━━━ Collected material ━━━

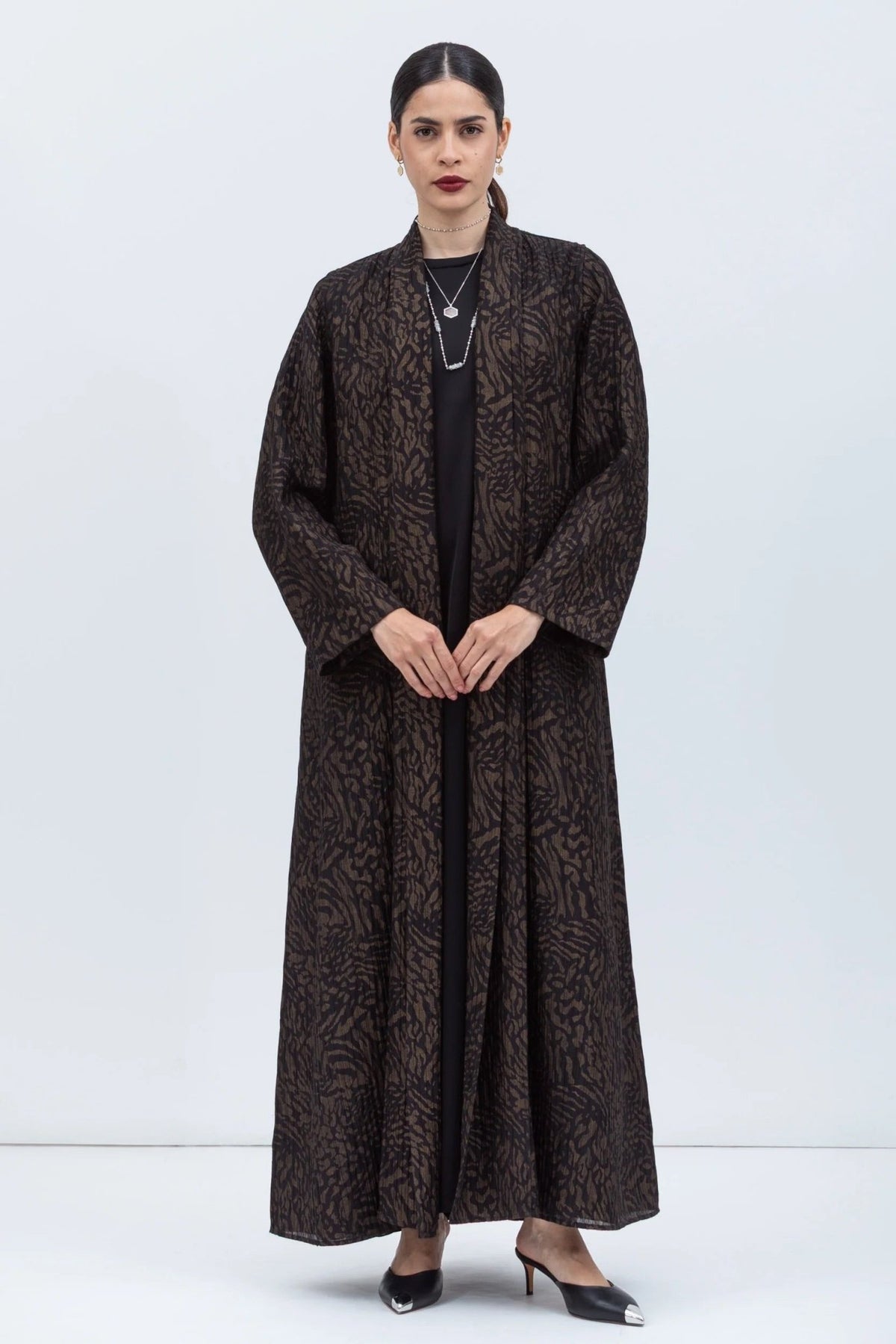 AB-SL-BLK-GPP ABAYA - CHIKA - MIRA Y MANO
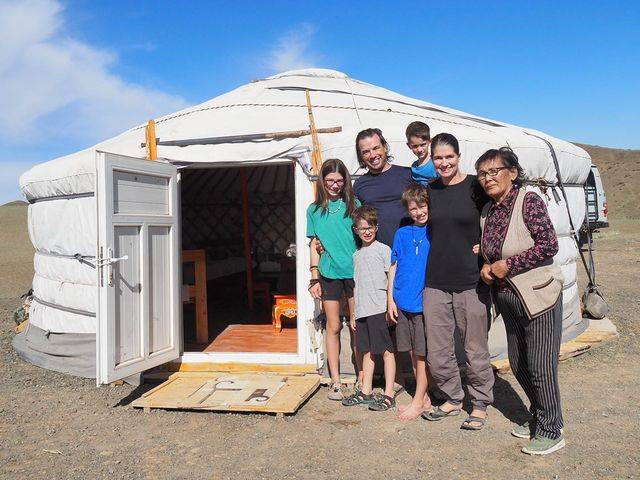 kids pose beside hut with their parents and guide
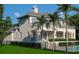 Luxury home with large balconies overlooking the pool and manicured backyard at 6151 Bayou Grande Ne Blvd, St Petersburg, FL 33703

━━━

What the task requires
Omit every picture while copying the listing above exactly.

Answer space
 AB-SL-BLK-GPP ABAYA - CHIKA - MIRA Y MANO
 kids pose beside hut with their parents and guide
 Luxury home with large balconies overlooking the pool and manicured backyard at 6151 Bayou Grande Ne Blvd, St Petersburg, FL 33703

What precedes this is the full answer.